Edwards' prosecutors grant former mistress immunity
Posted March 15, 2012
Greensboro, N.C. — Federal prosecutors on Thursday granted John Edwards' former mistress immunity from criminal charges for anything she says on the witness stand during the former Democratic presidential candidate's upcoming trial.
Edwards faces six criminal counts related to alleged campaign finance violations for using nearly $1 million from two wealthy donors to hide Rielle Hunter, who was pregnant with Edwards' child, during his 2008 campaign. He has pleaded not guilty, claiming that the money was a gift and not campaign contributions.
Jury selection is to begin April 12, and prosecutors say it's possible Hunter will be asked to testify.

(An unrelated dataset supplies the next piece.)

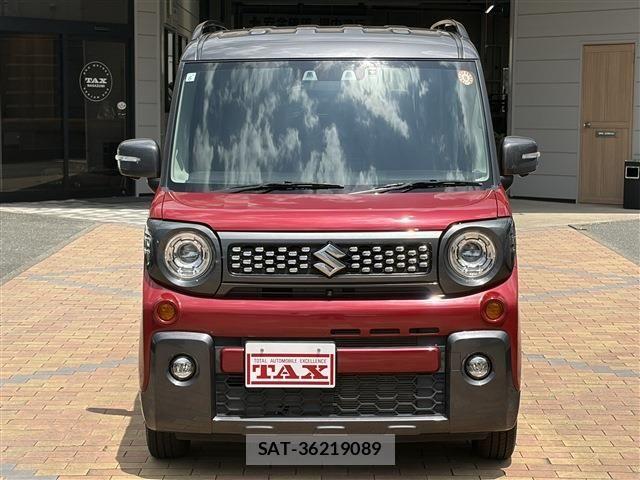 Suzuki SPACIA 2021-06 8102002-2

U.S. District Judge Catherine Eagles ruled Thursday that two of Edwards' attorneys who represented Hunter in a civil suit cannot cross-examine her if prosecutors call her as a witness.
Under the agreement offered by the government, Hunter cannot be held criminally liable for any actions she testifies to as long as she's truthful.

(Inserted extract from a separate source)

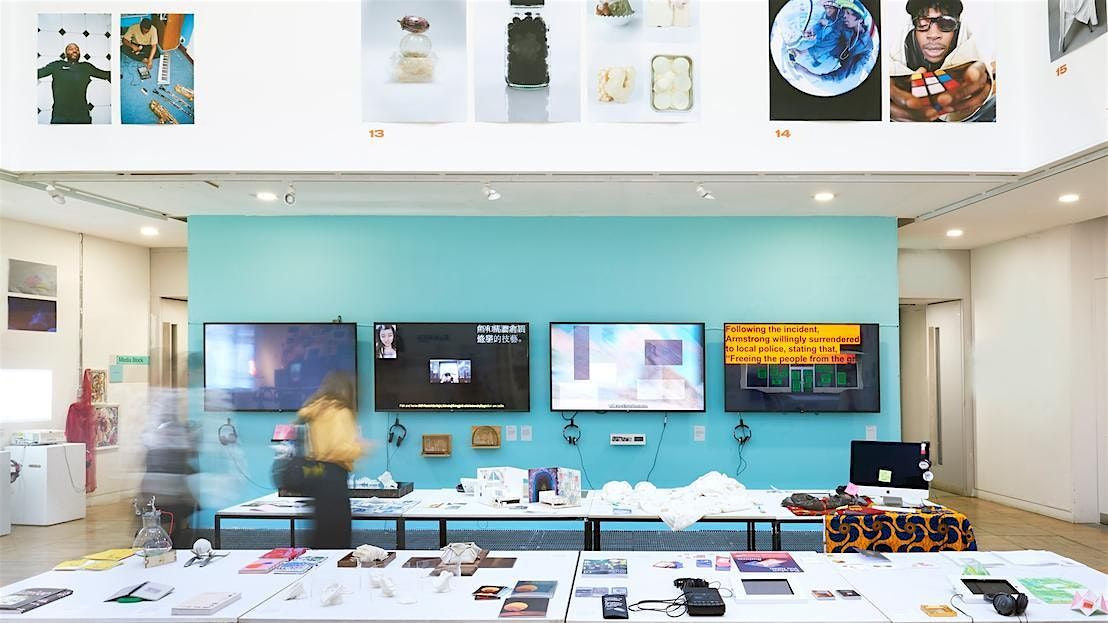 Postgraduate Shows 2025: Design \u2013 Exhibition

Prosecutors had challenged the addition of Alan Duncan and Allison Van Laningham to Edwards' defense team, alleging a conflict of interest.

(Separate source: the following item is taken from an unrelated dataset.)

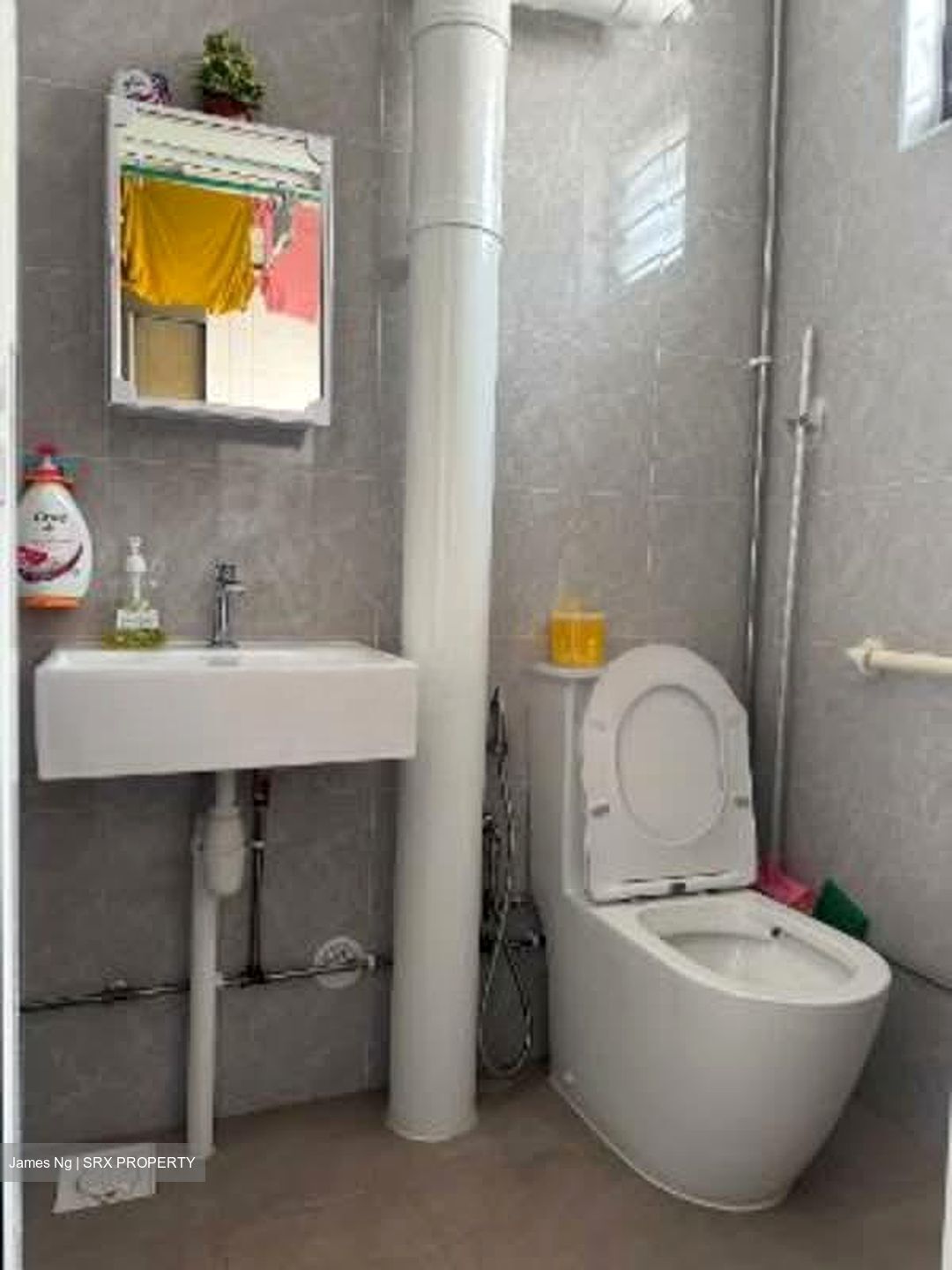 Blk 977 Jurong West Street 93 (Jurong West), HDB 5 Rooms #543950171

The pair represented Hunter in her civil lawsuit against former Edwards aide Andrew Young over items she said Young and his wife took from her, including a purported videotape showing Edwards and Hunter engaged in sex.
Young and Hunter settled the suit last month, and the settlement called for the sex tape to be destroyed.
Both Edwards and Hunter said there would be no conflict of interest, and Eagles said Duncan and Van Laningham could represent Edwards.
The judge also allowed Charlotte attorney Jim Cooney, who has represented Edwards since early in the federal investigation, to withdraw from the case.